Source data:
::::::::::
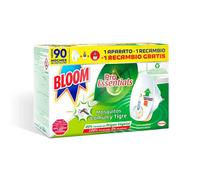 Insecticida Eléctrico Líquido Mosquitos + 2 Recambio
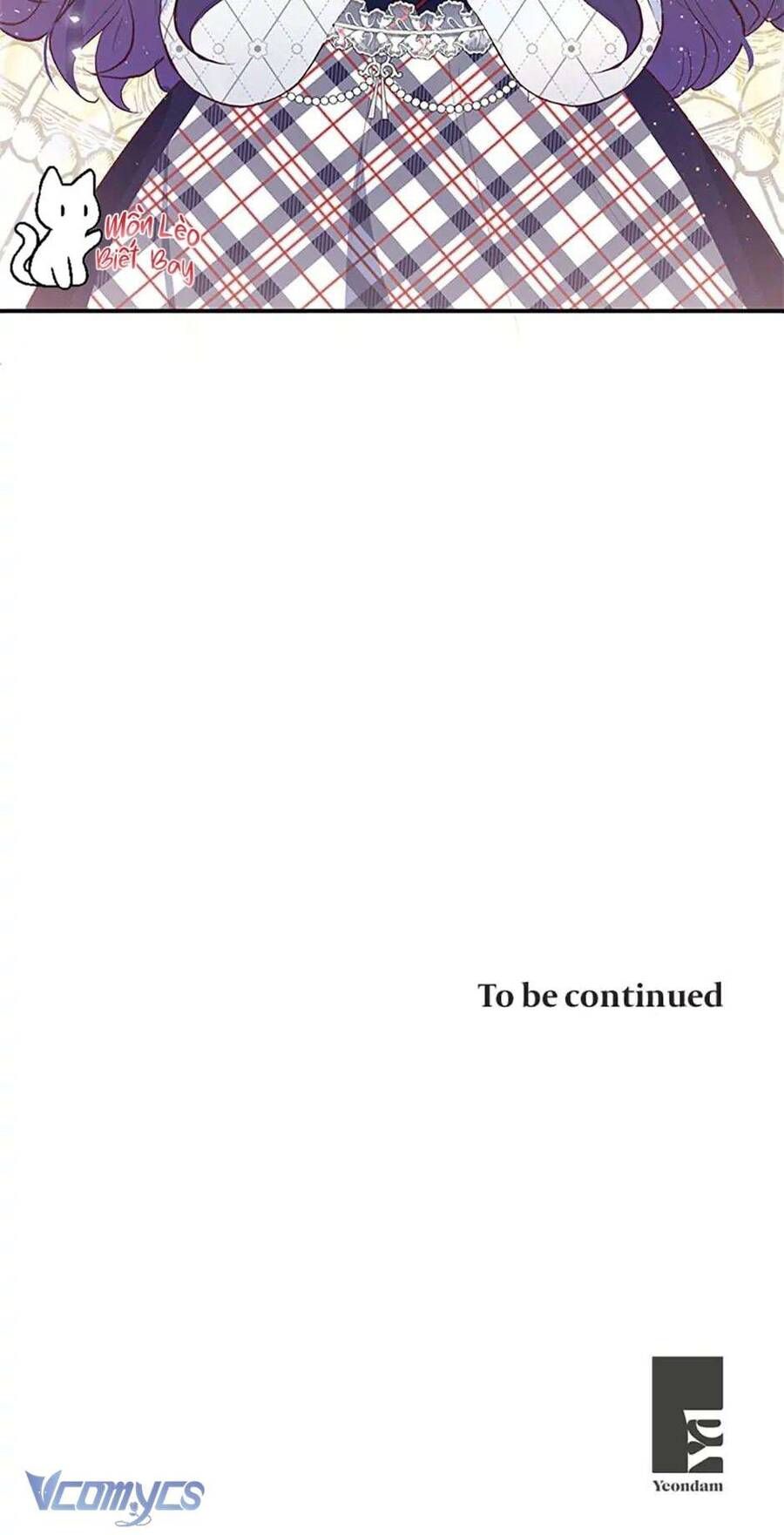 Con Gái Cưng Của Quỷ: Chapter 29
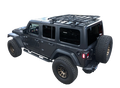 PLATFORM ROOF RACK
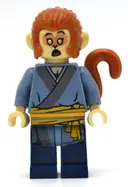 Minifigurka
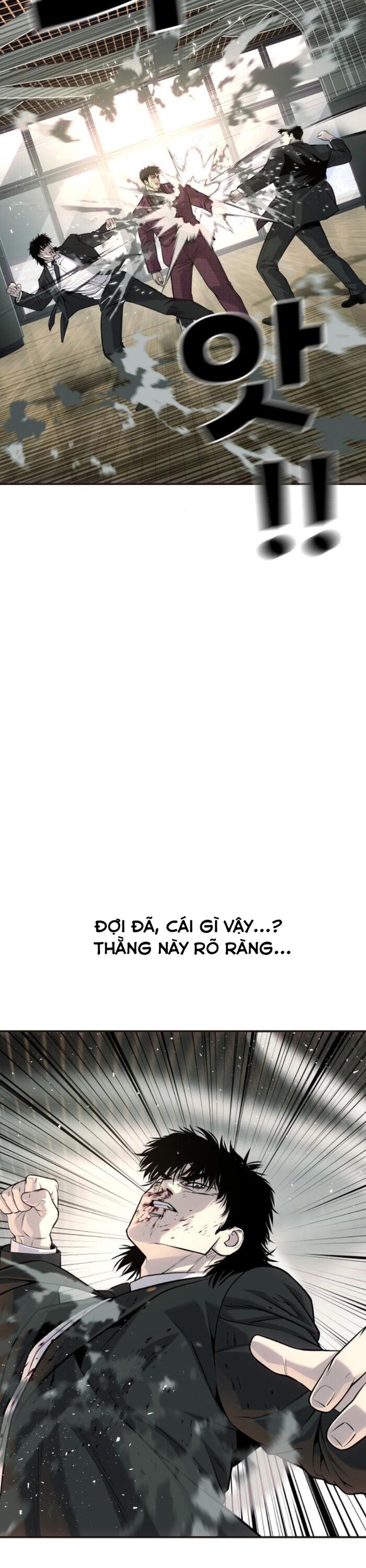 Đứa Con Báo Thù - Chapter 60 - Page 7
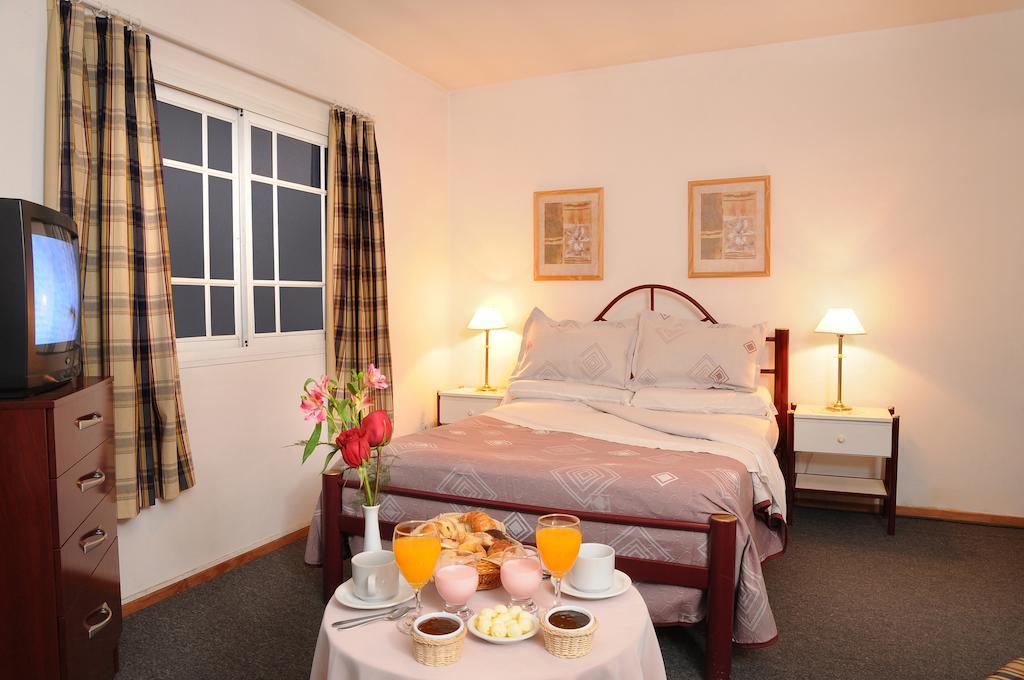 Hotel Salerno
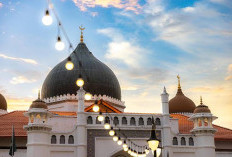 Kapan Lebaran 2026 di Indonesia? Ini Hasil Hisab dan Prediksi 1 Syawal 1447 H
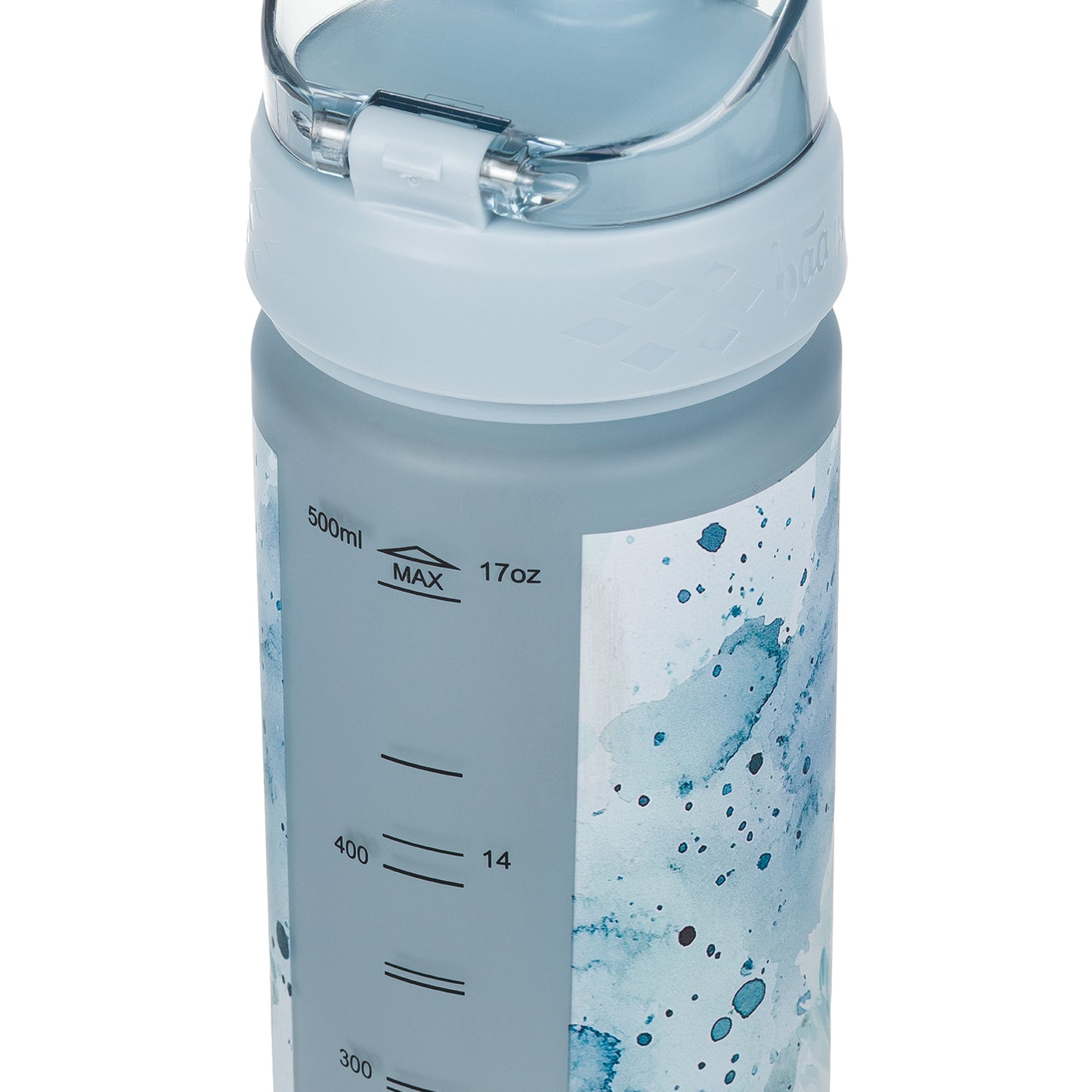 Tritanová láhev na pití Polar, 500 ml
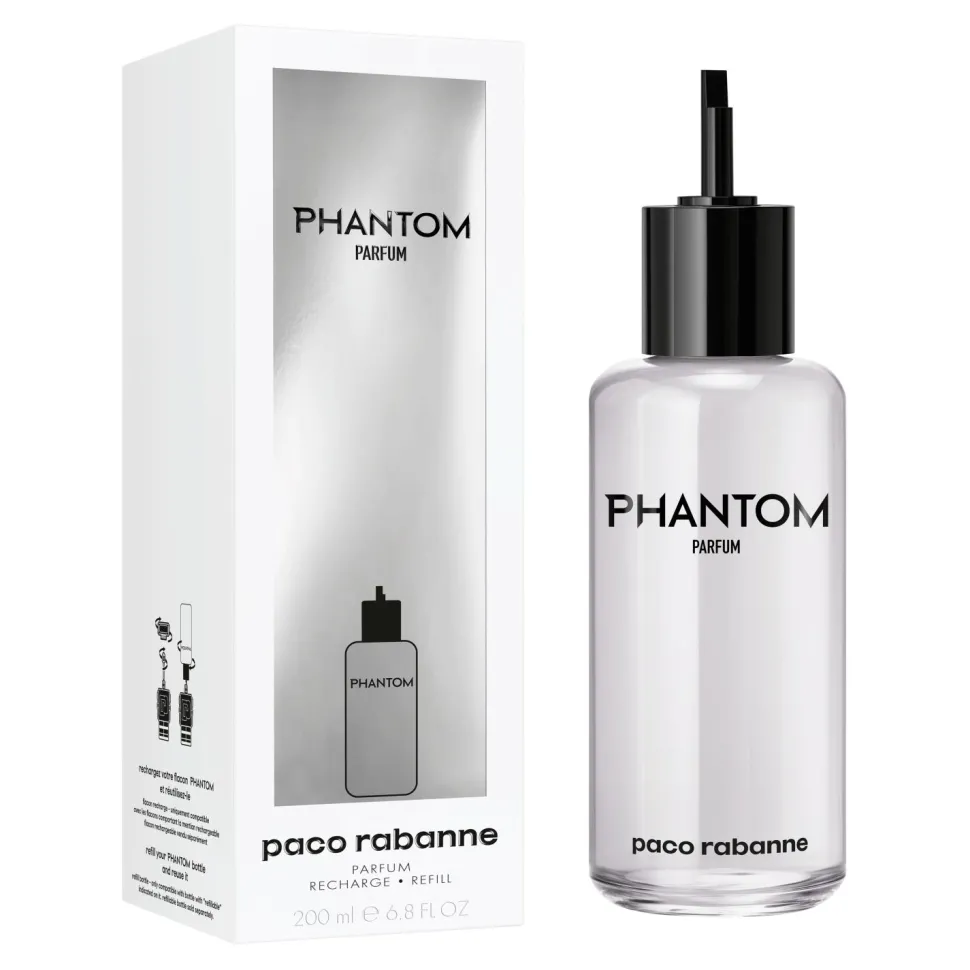 Phantom Parfum Refill
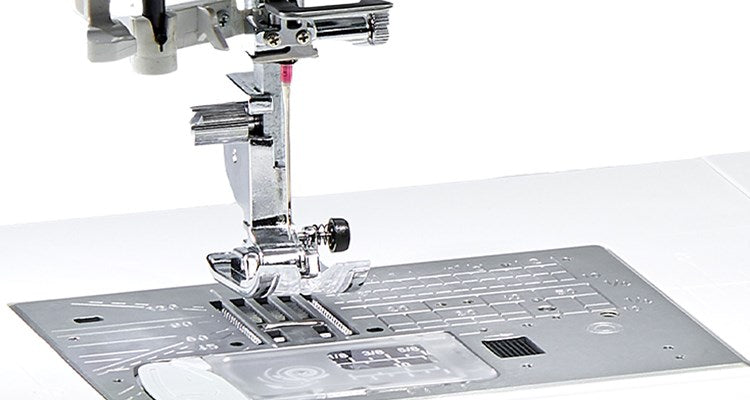Janome Memory Craft 9850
::::::::::
TASK PROMPT ▸ From the line containing "Phantom Parfum Refill" down to the last line of the records above, repeat every line exactly and nothing else, dropping any pictures.

ANSWER TO THIS PROBLEM ▸
 Phantom Parfum Refill
Janome Memory Craft 9850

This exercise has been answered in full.